### The problem
Repeat the listing below word for word, minus the pictures.

======== Information provided

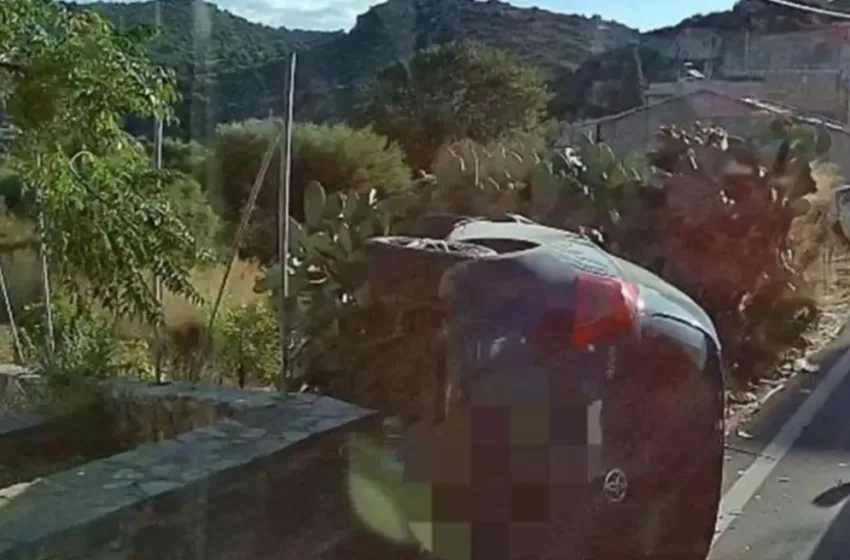  Ελούντα: Αναποδογύρισε αυτοκίνητο με μητέρα και παιδί – Στο νοσοκομείο τραυματισμένοι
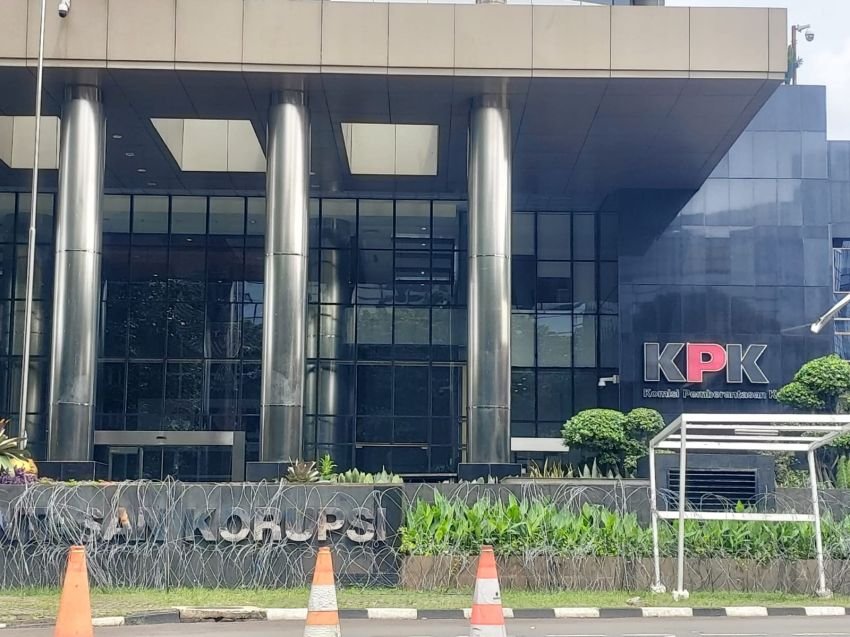 KPK Pindahkan 11 Mobil Milik Ketua Umum Pemuda Pancasila Japto Soerjosoemarno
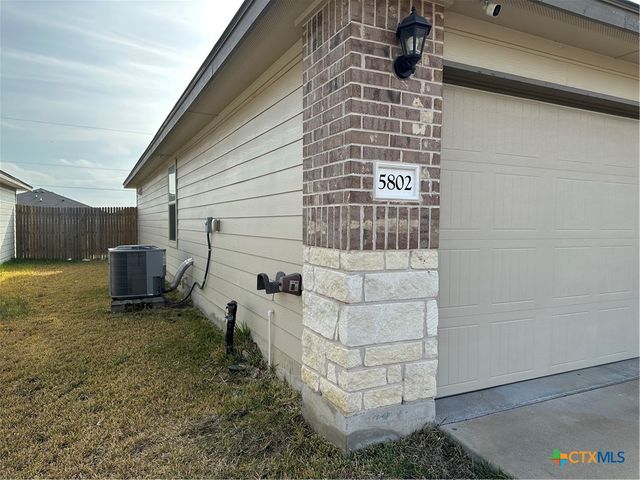 5802 Harriet Tubman Avenue, Killeen, TX 76543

================

### Result of this task
  Ελούντα: Αναποδογύρισε αυτοκίνητο με μητέρα και παιδί – Στο νοσοκομείο τραυματισμένοι
 KPK Pindahkan 11 Mobil Milik Ketua Umum Pemuda Pancasila Japto Soerjosoemarno
 5802 Harriet Tubman Avenue, Killeen, TX 76543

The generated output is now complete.